What Changes in the Pipeline
Most CI/CD pipelines encode a simple assumption: tests pass, code is ready. Every gate checks behavior, but nothing checks agreement, because this used to be verified by humans. The problem is that the loop now has fewer humans and far more code. (AI-generated code, to be precise).
Verification becomes its own gate, with the spec as the reference:
From spec approval to agent implementation
Two things change:
1. A spec exists before implementation.
- The spec does not need to be heavyweight. A structured product requirements document (PRD) with acceptance criteria works.
- Reusable workflow templates mean you’re not writing stuff from scratch each time.
- The main role humans have is approving the spec.
2. Verification runs as a distinct pass/fail signal.
- Aviator Verify does this with two verification layers:
- User criteria: Submitted via MCP, generated by the agent from the spec, or written by hand
- Invariant criteria: From the team’s invariant catalog
- A failed verification means the code has deviated from the agreement. You don’t debug it immediately. First, you decide whether the code or the spec is wrong.
What Comes Next
A workflow built for AI-heavy volume requires clear ownership every step of the way. Humans own the spec: they co-author it and approve it. Tests own behavior, as they always have. Verification owns agreement (checking implementation against acceptance criteria on every revision).
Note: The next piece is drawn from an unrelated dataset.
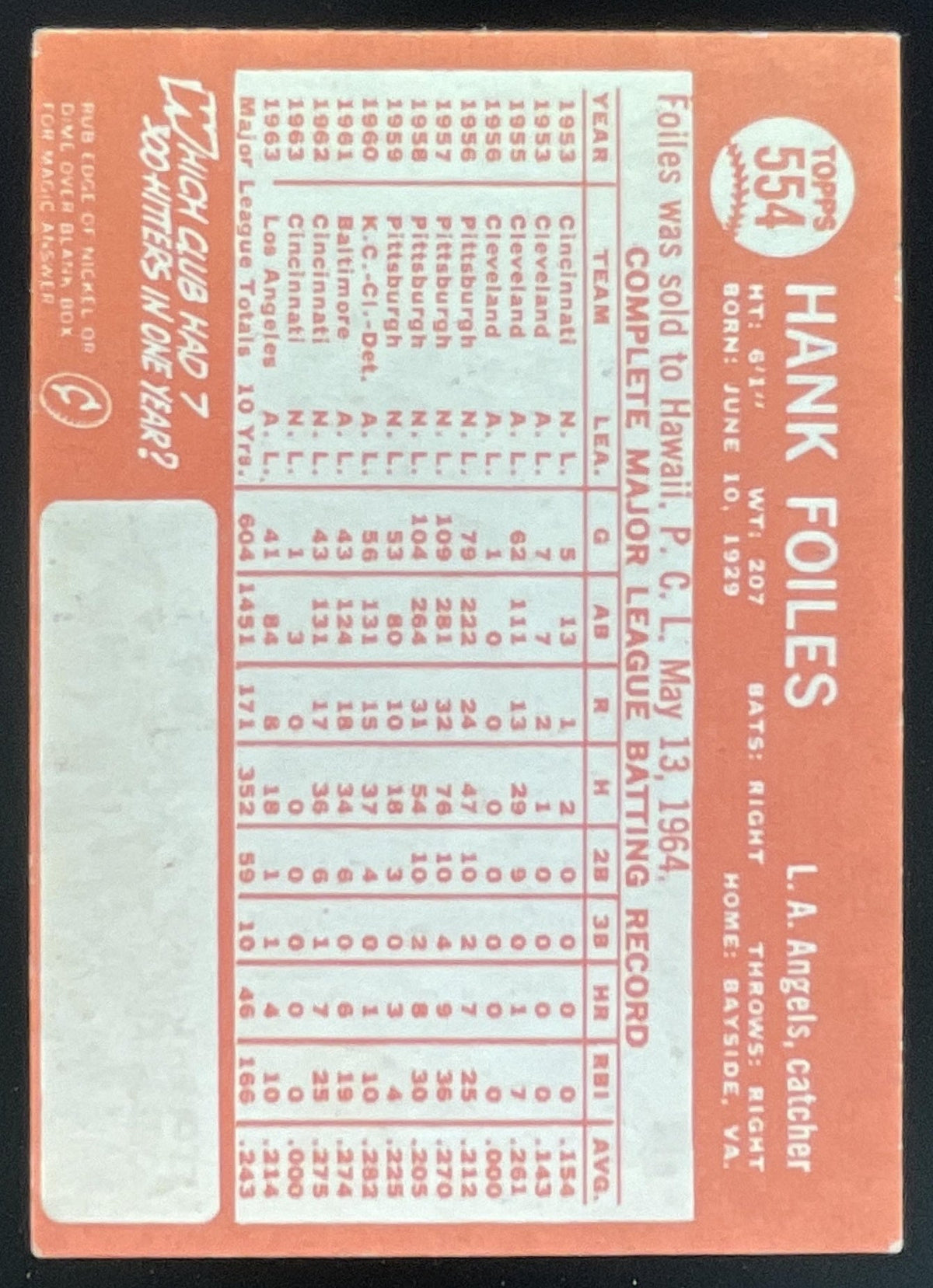 1964 Topps #554 Hank Foiles product image 2, provided for visual reference and product detail review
Basically, human review shrinks to spec approval upstream. No one is expected to read 6,000 lines of agent-generated output anymore. Aviator Verify is built for that missing layer: deterministic checks of AI-generated code against your anti-AI slop registry and human-approved acceptance criteria. On every revision, with an audit trail.
If your pipeline can answer, “Does it run?” but not, “Is it what we agreed upon?”, sign up for early access.
Frequently Asked Questions (FAQ)
Does verification equal more testing?
No. The reference point differs. Tests check code against expected behavior; verification checks it against an independent spec.
Can better tests catch intent mismatches?
Not when the same misunderstanding has produced both the code and the tests.
Does writing specs slow everything down?
A structured product requirements document (PRD) with acceptance criteria is enough, and agents can draft it. One approval replaces hours of line-by-line diff reading.
Where does human code review go?
Upstream and on demand. Humans approve the spec before implementation and resolve verification failures after.